As I watched the ISU volleyball team make a mockery of the University of Missouri-Kansas City Kangaroos – you’re kind of asking for it when your mascot is a kangaroo – I tried to understand why the match even had to take place.
UMKC was 0-7 and had struggled to be competitive in the early season. Iowa State is a Big 12 Conference program on the rise with a senior-filled lineup. I didn’t even have to show up to know what was going to happen. We killed them.
I’m by no means attacking coach Christy Johnson or the volleyball team, but rather college sports in general. It happens in every sport. In football, the big schools even pay the little ones to show up and lose.
Schedules have to be filled and win totals must be reached to ensure post-season play, but playing a quality opponent is a better way to prepare a team for the trials of a long situation.
At Wednesday’s game, the entire team got to play. Freshman Jamie Hagerman saw her first action of the year and recorded two kills. Although there’s definitely something to be said for in-game experience, it would benefit the team more to be playing teams that are at least at the same general skill level. Then, the starters can keep working together and develop a chemistry that can carry the team deep into postseason play. It could even be argued that it would be more valuable to the bench players to just keep competing against the first team in practice, because I know that would be better competition.

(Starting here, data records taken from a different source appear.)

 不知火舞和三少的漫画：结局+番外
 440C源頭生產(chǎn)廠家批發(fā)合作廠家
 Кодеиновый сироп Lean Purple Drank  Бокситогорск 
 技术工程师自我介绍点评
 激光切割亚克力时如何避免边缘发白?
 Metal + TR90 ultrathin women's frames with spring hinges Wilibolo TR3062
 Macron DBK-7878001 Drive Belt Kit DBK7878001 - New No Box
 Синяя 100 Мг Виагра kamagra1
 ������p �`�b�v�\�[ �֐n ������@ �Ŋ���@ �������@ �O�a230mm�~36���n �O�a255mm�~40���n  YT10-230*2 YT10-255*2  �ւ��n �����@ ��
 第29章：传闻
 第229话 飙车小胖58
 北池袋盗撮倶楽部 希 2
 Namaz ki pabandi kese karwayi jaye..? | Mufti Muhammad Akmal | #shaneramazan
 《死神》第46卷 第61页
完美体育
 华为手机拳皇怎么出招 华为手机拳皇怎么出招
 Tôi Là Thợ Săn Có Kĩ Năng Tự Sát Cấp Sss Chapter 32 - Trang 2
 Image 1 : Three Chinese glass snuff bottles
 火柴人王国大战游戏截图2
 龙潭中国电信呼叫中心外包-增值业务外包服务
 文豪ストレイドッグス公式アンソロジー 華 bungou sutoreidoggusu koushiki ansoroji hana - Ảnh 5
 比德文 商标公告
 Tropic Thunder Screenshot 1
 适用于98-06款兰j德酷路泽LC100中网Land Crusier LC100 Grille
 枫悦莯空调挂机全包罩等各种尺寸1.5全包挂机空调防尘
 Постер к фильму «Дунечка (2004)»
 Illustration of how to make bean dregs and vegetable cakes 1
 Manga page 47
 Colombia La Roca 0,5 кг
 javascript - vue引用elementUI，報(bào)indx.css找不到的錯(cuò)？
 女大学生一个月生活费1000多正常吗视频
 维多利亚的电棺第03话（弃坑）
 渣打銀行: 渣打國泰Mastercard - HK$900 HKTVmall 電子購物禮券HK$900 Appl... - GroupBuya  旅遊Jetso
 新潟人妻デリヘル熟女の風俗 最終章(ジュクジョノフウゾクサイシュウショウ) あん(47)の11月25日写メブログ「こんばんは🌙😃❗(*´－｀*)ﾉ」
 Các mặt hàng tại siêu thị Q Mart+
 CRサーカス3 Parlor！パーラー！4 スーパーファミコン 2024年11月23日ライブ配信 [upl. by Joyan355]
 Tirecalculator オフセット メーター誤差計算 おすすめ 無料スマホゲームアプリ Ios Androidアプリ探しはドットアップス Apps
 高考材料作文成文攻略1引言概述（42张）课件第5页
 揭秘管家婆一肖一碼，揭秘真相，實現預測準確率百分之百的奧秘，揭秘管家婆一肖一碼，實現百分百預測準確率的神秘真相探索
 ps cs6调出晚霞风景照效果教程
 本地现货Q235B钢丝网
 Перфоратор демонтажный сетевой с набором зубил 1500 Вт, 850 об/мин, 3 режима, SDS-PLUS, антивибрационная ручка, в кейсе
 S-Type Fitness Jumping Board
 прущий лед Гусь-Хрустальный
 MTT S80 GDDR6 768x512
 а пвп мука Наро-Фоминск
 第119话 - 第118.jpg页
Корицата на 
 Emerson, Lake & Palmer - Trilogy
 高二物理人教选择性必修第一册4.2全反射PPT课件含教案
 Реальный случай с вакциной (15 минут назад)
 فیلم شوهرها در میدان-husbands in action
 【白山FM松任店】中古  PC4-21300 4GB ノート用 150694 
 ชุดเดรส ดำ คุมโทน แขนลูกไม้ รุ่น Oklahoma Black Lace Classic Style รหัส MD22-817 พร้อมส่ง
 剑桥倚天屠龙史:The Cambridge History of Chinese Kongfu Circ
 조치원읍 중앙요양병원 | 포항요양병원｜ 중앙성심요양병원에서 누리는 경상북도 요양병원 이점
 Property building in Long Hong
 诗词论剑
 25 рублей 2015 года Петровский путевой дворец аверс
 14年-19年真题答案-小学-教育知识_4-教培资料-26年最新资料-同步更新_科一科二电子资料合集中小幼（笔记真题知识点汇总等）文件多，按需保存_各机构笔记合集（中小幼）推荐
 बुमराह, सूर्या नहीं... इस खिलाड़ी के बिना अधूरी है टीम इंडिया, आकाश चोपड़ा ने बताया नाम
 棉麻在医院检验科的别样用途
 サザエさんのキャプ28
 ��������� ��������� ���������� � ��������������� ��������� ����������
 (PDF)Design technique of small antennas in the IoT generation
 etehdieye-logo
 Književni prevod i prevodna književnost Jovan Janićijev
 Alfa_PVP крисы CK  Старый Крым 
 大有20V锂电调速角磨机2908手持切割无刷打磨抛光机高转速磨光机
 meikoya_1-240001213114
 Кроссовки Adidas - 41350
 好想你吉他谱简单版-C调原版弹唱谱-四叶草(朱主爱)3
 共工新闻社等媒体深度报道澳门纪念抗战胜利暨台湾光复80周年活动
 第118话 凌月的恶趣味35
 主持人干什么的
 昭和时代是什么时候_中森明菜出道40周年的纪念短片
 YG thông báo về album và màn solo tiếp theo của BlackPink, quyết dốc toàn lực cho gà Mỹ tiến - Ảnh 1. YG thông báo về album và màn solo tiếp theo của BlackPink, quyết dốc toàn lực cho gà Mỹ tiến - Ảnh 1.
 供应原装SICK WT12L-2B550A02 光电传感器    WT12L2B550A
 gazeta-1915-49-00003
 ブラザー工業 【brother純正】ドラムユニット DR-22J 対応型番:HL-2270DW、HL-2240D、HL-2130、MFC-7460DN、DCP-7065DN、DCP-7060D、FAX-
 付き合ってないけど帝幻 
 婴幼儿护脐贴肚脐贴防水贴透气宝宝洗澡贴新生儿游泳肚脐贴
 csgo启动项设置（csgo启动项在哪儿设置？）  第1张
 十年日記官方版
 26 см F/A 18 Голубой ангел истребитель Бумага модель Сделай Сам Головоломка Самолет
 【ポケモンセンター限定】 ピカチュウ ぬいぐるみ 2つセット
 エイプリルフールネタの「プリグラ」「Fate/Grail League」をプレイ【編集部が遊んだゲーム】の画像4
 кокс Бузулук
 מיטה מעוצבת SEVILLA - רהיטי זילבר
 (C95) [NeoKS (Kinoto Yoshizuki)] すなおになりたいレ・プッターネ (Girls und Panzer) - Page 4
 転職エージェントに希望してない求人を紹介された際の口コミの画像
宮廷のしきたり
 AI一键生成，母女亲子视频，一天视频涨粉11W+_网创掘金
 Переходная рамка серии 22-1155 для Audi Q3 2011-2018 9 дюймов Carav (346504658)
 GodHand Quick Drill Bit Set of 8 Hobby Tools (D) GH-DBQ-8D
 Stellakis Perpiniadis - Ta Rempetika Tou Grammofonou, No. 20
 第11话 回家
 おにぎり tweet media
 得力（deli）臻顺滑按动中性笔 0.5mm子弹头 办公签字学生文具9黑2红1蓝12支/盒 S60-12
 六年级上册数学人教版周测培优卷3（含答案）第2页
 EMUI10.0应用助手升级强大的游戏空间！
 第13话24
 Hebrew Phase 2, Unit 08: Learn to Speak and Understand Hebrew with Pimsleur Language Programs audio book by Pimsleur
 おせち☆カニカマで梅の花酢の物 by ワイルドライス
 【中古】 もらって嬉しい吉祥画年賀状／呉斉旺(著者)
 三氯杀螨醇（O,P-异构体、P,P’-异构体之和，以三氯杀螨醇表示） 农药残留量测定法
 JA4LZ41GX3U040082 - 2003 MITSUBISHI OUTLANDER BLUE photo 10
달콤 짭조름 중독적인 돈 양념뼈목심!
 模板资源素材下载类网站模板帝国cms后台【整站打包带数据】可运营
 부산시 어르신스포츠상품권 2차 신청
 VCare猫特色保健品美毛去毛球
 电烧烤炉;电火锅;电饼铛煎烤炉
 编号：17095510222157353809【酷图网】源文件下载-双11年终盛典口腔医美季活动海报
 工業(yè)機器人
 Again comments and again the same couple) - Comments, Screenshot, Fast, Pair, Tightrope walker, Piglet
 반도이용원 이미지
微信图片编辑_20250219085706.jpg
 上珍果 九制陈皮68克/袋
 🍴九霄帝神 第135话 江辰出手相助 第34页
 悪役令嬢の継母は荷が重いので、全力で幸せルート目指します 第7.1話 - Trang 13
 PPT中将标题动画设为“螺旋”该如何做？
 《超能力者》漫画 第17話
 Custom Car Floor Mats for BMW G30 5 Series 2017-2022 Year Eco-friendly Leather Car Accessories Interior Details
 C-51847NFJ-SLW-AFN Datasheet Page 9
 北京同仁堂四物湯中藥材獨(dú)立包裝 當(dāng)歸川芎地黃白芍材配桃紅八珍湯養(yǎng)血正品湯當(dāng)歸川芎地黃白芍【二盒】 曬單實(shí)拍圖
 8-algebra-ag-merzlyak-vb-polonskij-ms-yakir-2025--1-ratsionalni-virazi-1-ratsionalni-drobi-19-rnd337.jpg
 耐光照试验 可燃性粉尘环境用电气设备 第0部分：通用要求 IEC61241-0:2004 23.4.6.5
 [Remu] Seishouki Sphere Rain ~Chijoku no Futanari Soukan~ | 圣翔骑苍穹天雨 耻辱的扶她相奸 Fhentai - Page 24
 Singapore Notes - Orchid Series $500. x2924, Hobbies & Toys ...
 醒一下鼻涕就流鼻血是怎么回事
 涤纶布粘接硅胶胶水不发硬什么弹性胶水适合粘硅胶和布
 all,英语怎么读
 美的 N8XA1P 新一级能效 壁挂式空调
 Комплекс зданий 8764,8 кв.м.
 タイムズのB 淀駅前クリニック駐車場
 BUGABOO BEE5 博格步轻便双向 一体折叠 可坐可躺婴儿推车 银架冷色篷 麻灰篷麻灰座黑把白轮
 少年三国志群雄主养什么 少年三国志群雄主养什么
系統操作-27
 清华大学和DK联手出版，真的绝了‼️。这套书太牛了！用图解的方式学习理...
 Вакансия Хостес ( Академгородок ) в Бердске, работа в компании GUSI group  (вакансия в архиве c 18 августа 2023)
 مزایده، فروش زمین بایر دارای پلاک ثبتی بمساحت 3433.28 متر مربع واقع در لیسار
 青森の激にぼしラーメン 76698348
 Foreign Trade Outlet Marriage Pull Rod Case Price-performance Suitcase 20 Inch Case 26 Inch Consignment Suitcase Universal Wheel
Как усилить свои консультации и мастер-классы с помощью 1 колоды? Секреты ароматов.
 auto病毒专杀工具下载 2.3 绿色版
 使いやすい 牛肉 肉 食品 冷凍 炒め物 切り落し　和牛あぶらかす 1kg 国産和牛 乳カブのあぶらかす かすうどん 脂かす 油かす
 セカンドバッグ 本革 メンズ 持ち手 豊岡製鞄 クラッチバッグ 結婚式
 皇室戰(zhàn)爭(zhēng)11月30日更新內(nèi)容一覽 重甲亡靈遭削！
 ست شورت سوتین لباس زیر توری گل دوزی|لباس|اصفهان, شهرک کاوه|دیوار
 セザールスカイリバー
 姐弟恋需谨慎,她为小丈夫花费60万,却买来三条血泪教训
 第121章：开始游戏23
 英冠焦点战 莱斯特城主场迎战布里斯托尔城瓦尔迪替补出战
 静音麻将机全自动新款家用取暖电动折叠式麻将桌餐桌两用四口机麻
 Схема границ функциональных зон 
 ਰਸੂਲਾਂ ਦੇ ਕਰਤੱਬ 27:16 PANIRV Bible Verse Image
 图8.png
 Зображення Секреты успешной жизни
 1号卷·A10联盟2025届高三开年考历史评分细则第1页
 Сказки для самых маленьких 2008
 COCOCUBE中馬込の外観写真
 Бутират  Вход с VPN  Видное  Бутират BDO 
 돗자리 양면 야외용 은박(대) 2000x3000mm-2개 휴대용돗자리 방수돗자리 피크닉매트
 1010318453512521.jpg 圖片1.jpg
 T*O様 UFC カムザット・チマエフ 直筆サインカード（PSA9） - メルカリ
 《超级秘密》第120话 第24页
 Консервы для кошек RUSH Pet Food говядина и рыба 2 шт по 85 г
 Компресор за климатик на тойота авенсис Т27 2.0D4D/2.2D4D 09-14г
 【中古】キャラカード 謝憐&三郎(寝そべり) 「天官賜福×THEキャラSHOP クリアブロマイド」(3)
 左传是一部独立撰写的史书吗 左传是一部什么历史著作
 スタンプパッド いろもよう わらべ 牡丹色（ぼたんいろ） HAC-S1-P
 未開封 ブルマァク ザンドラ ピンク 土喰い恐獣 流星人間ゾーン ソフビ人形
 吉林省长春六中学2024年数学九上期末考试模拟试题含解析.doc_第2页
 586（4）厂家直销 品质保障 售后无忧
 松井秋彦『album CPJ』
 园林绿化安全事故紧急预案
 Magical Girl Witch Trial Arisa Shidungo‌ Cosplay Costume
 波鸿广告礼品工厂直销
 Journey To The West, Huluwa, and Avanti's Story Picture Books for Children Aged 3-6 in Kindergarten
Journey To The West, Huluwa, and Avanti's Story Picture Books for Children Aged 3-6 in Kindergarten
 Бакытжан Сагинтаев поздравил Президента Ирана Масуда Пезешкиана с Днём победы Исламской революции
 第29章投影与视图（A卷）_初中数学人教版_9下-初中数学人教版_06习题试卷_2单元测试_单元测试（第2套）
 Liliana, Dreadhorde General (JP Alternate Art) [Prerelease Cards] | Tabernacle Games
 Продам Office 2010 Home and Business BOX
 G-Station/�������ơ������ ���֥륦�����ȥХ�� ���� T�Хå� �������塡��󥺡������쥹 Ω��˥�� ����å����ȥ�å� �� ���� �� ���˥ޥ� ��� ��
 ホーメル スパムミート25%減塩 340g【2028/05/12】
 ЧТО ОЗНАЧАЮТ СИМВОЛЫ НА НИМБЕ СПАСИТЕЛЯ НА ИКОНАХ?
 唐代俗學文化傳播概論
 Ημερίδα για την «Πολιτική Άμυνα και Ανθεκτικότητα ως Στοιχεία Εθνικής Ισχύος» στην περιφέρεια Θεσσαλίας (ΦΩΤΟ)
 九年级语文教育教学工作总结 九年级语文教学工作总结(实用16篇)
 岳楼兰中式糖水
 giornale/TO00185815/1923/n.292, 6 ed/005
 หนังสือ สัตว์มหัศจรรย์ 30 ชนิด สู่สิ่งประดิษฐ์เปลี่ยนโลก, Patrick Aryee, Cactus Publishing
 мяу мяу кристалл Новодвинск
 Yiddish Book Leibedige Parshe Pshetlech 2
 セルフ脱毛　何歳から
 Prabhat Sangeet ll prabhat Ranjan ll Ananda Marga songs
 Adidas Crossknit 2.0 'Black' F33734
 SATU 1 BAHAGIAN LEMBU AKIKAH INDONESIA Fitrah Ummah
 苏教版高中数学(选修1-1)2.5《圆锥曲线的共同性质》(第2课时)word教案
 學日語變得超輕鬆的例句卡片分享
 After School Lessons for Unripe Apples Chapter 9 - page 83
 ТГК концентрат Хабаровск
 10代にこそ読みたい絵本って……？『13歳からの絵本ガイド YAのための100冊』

UMKC got an even worse deal than Iowa State did. Not only was the game too one-sided for the Kangaroos to get quality play in, but they had to take a emotional blow as they got swept in front of the fans and parents who made the trip.
It even hurts the athletic department as a whole. Fewer than 600 people showed up, as opposed to last Wednesday’s game against Northern Iowa. Although many of those fans showed up because of the rivalry, a better opponent would have helped draw in more casual fans and fill Hilton a little more.
It is sad when the most competitive part of the night is the fan competition during the intermission – the CRU team edged out the Superfans in a intense game of catch-the-serve-in-a-basket, 5-4.
Will this column change schedules in the future? I’d like to think I am that important, but realistically, it’s not probable.
But it might make a coach think twice before scheduling some team he or she knows they can beat up on. Better opponents are a win for everyone, for both the fans and the players.
Just remember the one cardinal rule when scheduling early season opponents: Make sure it’s not the EA Sports All-Stars.
– Nick Paulson is a junior in journalism and mass communication from Minnetonka, Minn.